• RECORDS SUPPLIED:
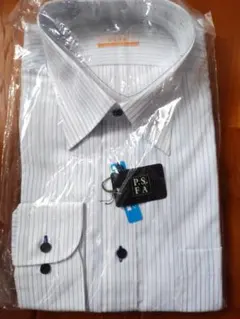 【新品未開封】P.S.FA 長袖 ワイシャツ ストライプ ブルー　L41-84
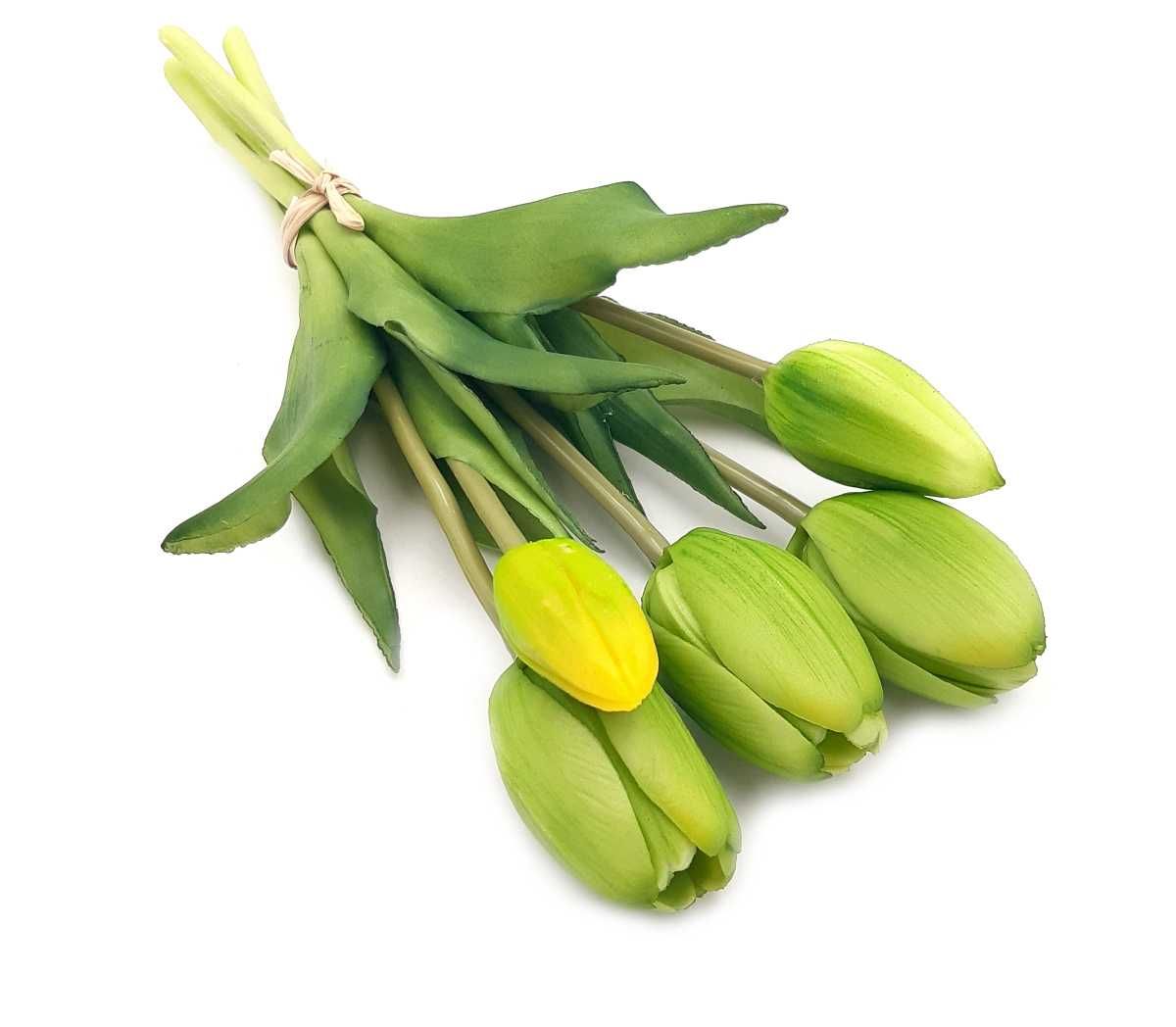 Tulipan sztuczny tulipany silikonowe bukiet 5 sztuk ZIELONY
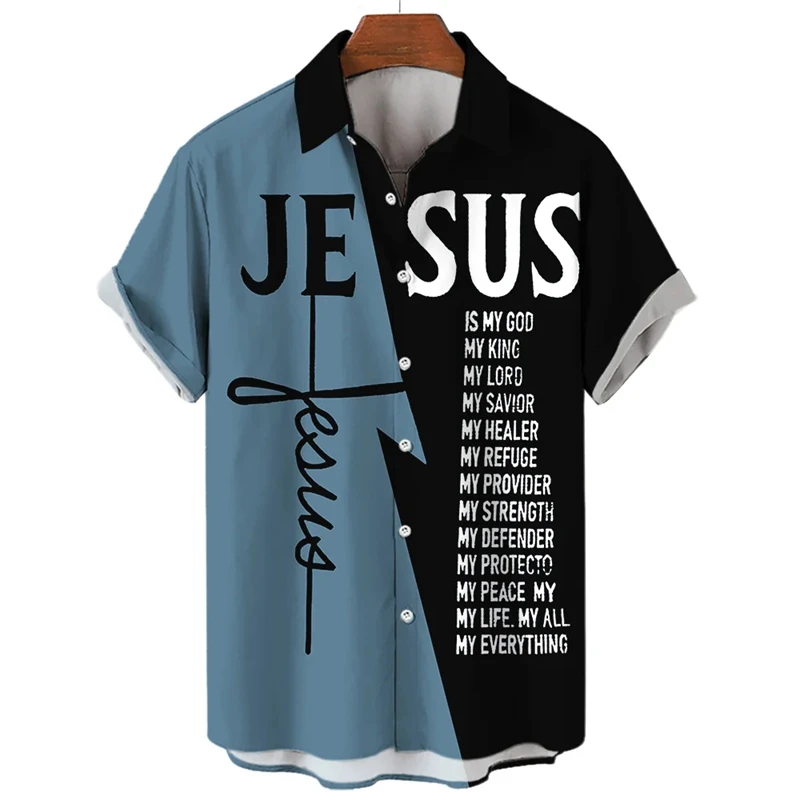 God Jesus 3D Printed Casual Shirts For Men Clothes Fashion Knights Templar Graphic Blouses Streetwear Lapel Blouse Short Sleeve 3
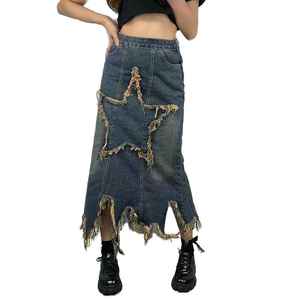 Mini-jupe en jean taille haute asymétrique pour femme, boutonnée sur le devant, unie, délavée, style décontracté - Product Image 4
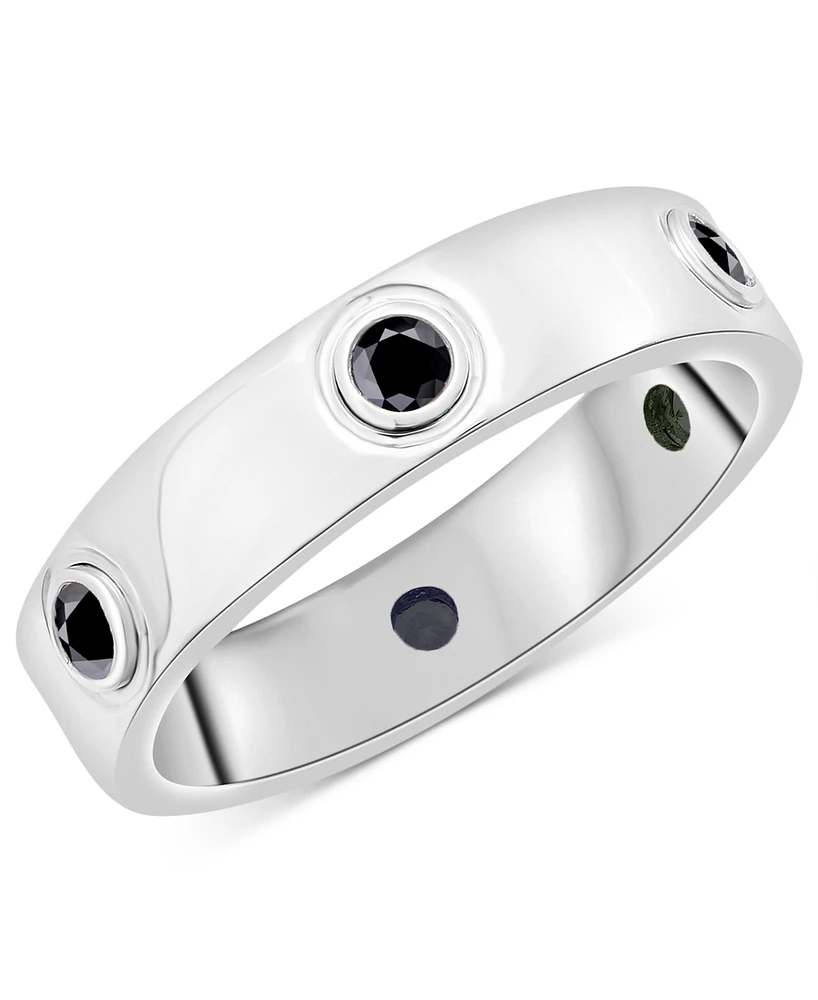 Onyx Bezel-Set Highly Polished Band in Sterling Silver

• EXERCISE AIM:
Could you set down nothing but the lines from the one containing "God Jesus 3D" through the last line of the records above, both ends included, exactly as given and free of pictures?

• RESULT:
 God Jesus 3D Printed Casual Shirts For Men Clothes Fashion Knights Templar Graphic Blouses Streetwear Lapel Blouse Short Sleeve 3
 Mini-jupe en jean taille haute asymétrique pour femme, boutonnée sur le devant, unie, délavée, style décontracté - Product Image 4
 Onyx Bezel-Set Highly Polished Band in Sterling Silver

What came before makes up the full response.